Dienstag, 12. April 2011

PID: Warum der Staat kein Recht zur Menschenselektion erteilen darf

Deutscher Bundesverfassungsrichter Böckenförde: „Keine Zeugung auf Probe“

Der ehemalige deutsche Bundesverfassungsrichter Ernst-Wolfgang Böckenförde hat sich in der Frankfurter Allgemeinen Zeitung (online, 15.3.2011) für ein striktes Verbot von Gentests an im Reagenzglas erzeugten Embryonen ausgesprochen. Die Präimplantationsdiagnostik (PID) sei ein Selektionsinstrument und missachte die Würde des Menschen. Es gebe keine „Zeugung auf Probe“, betont der Jurist. Menschliches Leben auszusortieren widerspreche dem deutschen Grundgesetz und der Menschenwürde des Embryos. In seinem Kommentar zeigt der Jurist auf, warum die Straffreiheit der Abtreibung des Kindes bei Behinderung kein Argument für die PID sein kann.

Auch eine Krankheit oder ein genetischer Defekt allein könne niemals Grund genug für eine medizinische Indikation des Schwangerschaftsabbruchs sein. "Die heute verbreitete Praxis ist ein faktischer Missbrauch der Vorschrift", erklärt er mit Bezug auf das Gesetz, das eine körperliche oder seelische Beeinträchtigung der Schwangeren als Voraussetzung für eine Abtreibung benennt. Die Korrektur sollte an einer strengeren Handhabung der Abtreibung von Behinderten und an einer stärkeren Verteidigung des Lebensrechts jedes Menschen ansetzen – statt in der Debatte eine falsche Praxis der Pränataldiagnostik (PND) als Argument für die Rechtfertigung für die PID zu missbrauchen.

Der Jurist warnt weiters davor, die Menschenwürde in „kleine Münze“ auszufalten. Wer eine bestimmte Phase des Lebensprozesses von der Anerkennung und Achtung, die dem Menschen von seiner Würde her geschuldet ist, ausnimmt oder die Würde prozesshaft abzustufen versucht, „reißt ein Loch in die Entwicklung des einzelnen individuellen Menschen selbst“. Die Anerkennung der Würde des Menschen ist an seine Existenz gebunden, nicht an Eigenschaften.

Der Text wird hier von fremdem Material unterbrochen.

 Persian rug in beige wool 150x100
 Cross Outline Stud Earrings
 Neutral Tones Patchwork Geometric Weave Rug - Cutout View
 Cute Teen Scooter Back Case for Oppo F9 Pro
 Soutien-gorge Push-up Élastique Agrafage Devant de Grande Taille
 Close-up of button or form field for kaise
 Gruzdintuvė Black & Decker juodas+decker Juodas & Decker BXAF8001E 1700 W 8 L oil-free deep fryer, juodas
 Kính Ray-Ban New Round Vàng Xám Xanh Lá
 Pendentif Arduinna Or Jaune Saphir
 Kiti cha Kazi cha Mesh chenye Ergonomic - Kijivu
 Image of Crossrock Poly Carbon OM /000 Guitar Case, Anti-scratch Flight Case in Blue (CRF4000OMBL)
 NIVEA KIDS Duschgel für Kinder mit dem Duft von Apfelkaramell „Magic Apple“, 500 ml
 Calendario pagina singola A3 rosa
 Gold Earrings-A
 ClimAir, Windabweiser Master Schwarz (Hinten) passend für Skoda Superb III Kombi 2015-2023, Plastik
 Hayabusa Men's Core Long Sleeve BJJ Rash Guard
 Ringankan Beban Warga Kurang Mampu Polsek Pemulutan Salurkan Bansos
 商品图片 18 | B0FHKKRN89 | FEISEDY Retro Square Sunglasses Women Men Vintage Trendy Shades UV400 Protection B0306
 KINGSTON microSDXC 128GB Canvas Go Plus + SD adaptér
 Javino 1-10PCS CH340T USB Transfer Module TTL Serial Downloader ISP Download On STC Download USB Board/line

Gegen die PID spreche, dass sie nicht in Gang gesetzt werde, "um den Wunsch nach einem Kind zu erfüllen", sondern, "um den Wunsch nach einem nicht mit bestimmten genetischen Defekten behafteten, insoweit gesunden Kind zu erfüllen". Deutlicher könne nicht zum Ausdruck kommen, dass ein so entstehendes Kind "keinen Anteil an menschlicher Würde, am Dasein um seiner selbst willen hat", analysiert Böckenförde. Über den Embryo werde bei Durchführung der PID wie über eine Sache entschieden, zwischen lebenswert und lebensunwert unterschieden.

Der Deutsche Bundestag wird – nach mehrmaligen Verschiebungen - in dieser Woche erstmals über drei fraktionsübergreifende Gesetzesentwürfe zum Thema PID debattieren. Die PID ist eine ethisch umstrittene Methode, bei der im Reagenzglas erzeugte Embryonen auf Erbkrankheiten hin untersucht werden, bevor sie in den Mutterleib eingepflanzt werden. Embryonen mit vermutetem Risiko auf Erkrankungen werden vernichtet.